Originally from San Diego, live in Brooklyn
How did you become a playwright?
I started out directing and grew hungry to start telling my own stories rather than interpreting others’. Early in my career I encountered a couple of organizations – New Dramatists, EST/Youngblood, and Ma-Yi Writers’ Lab – that became a kind of formative nexus for me, cementing that these were my people. I oftentimes get the question “Who are you writing for?” and to be honest sometimes you’re just writing for other playwrights – you see them do their thing so you want to show off your thing; it’s all a nerd breakdance battle.
Is there a recurring theme in your plays that you write about?
Probably but I’m not aware of it. I write stories that drive me and that I know will keep driving me for the many years it takes to birth a play and get it to the stage – stories that are complex enough to keep chipping away at for several years. But beyond that I don’t know how the larger body of work ties together; I think it’s good not to be too self-aware about what you do, keeps you fresh.
What led you to write this play?
I was dealing with the trauma and uncertainties of my baby being born and staying in the NICU for four months. Already at the time I knew I had to write about it, but couldn’t start until I was well out of the hospital because at the time I was too soaked with adrenaline. And with that distance I also grew to want to address fatherhood and the onset of parenthood in extremis, as well as the way that medicine – which seems dispassionate and scientific – can nonetheless amplify social/racial biases. So it’s not just an autobiography, it’s become a bit more than that.
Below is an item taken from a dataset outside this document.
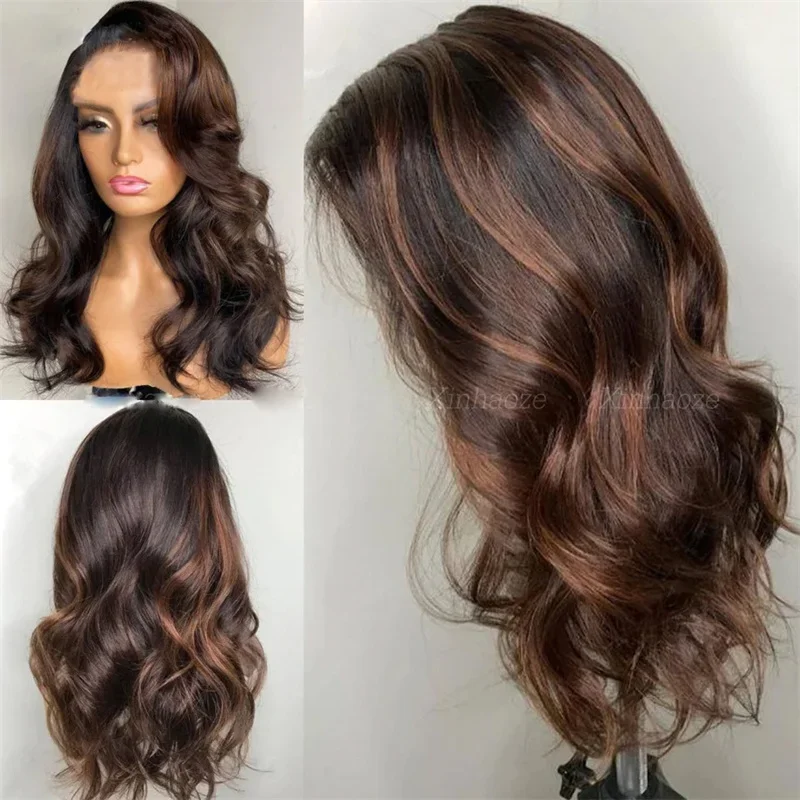 Soft Long Highlight Brown Glueless 28'' Body Wave 5x5 Silk Base Jewish Human Hair Wig Baby Hair HD Lace European Hair Preplucked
What are you most looking forward to in your week of development?
This is the first two-character play I’ve written (I believe) and in a way there’s no way to hide behind my normal stage tricks. You’re in this NICU with these two people for the long haul and the compact these performers make with the audience is that their relationship alone is enough to fuel this story. I’m looking forward to that challenge of developing these two characters’ relationship to the point that an audience cares enough about both of them to stay in the room with me and find out what happens.
What advice do you have for the participants in our college program who are interested in pursuing a life in the theater?
I think there’s your art-life and there’s your life-life and you can’t neglect the latter while feeding only the former; you have to feed both. I have oftentimes wanted to put off major life milestones (marriage, having kids, investing in a home) thinking that once my art-life is set my life-life will start. But your art-life is never really “set,” and thinking that way leads to burnout and stuntedness which in turn snuffs out your artistic impulse anyhow. Finding that balance and nurturing both – recognizing the needs of both – ensures you will have a lifelong career.
Anything else you would like our audience to know about the play before they see it?
If you want to keep following the life of the play, “tiny father” will go to Ojai Playwrights Conference after Cade Cod Theatre Project, and there’s also an Audible version available now.